**WHAT YOU WILL DO:** Only an exact copy of the lines from the one containing "Third is the" through the last line of the material below belongs in the answer, with no pictures.

**DATA EXTRACT:**
————

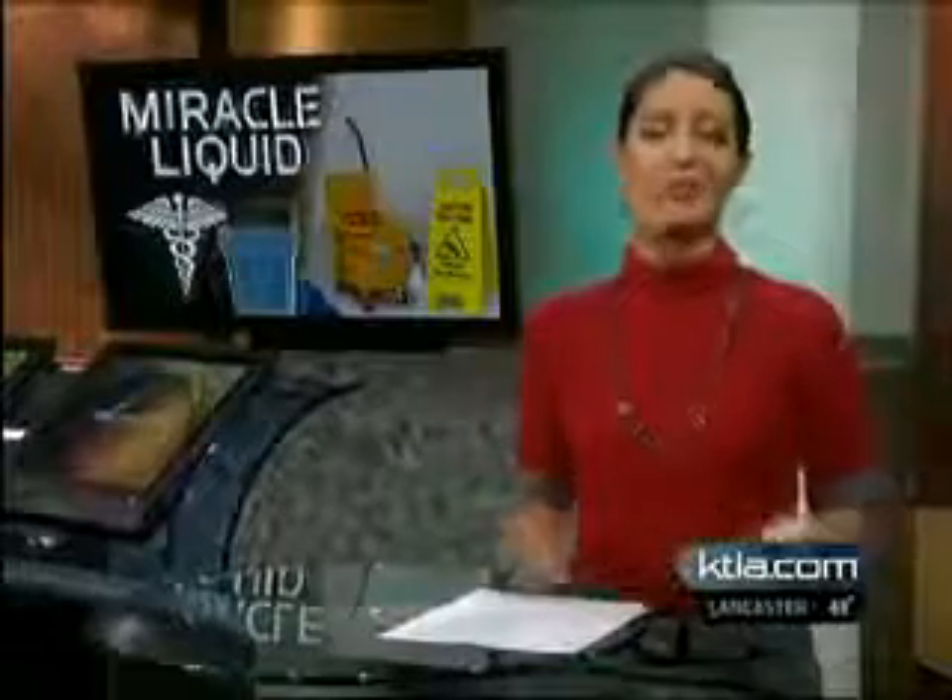It's a kitchen degreaser, a window cleaner, an athlete's foot healer — and, oh yeah, you can drink it. But is this miracle liquid the real deal?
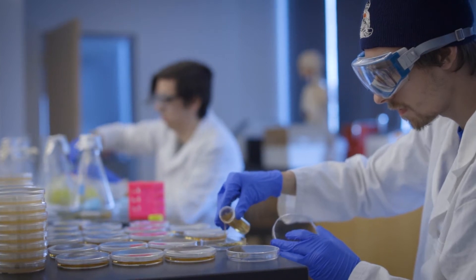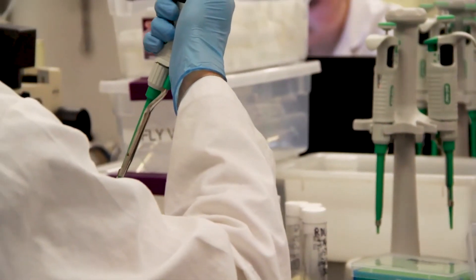Third is the dedicated staff and faculty here. Myself as well as other professors in our program are really dedicated to making sure that you, our students, grow, prosper, excel, and become the best biological engineers possible.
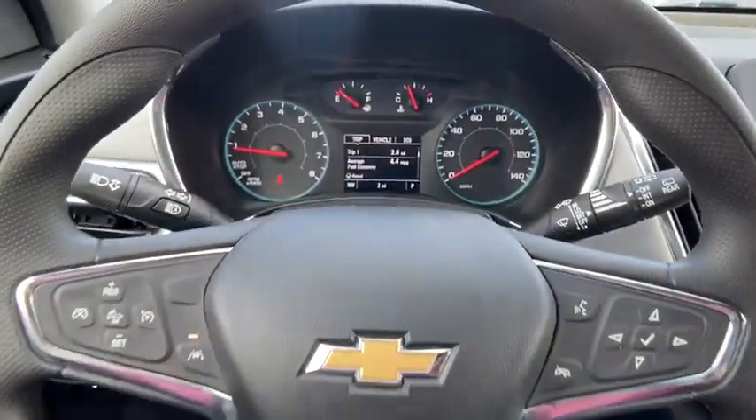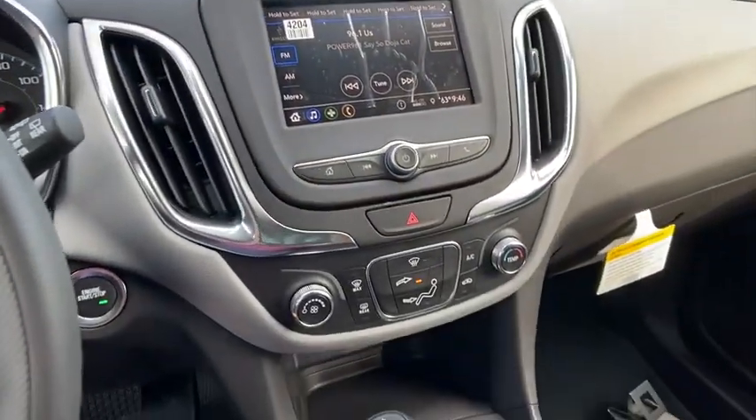Power windows, overhead console, brake assist, tachometer, remote keyless entry.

————

**ANSWER BOX:**
Third is the dedicated staff and faculty here. Myself as well as other professors in our program are really dedicated to making sure that you, our students, grow, prosper, excel, and become the best biological engineers possible.
Power windows, overhead console, brake assist, tachometer, remote keyless entry.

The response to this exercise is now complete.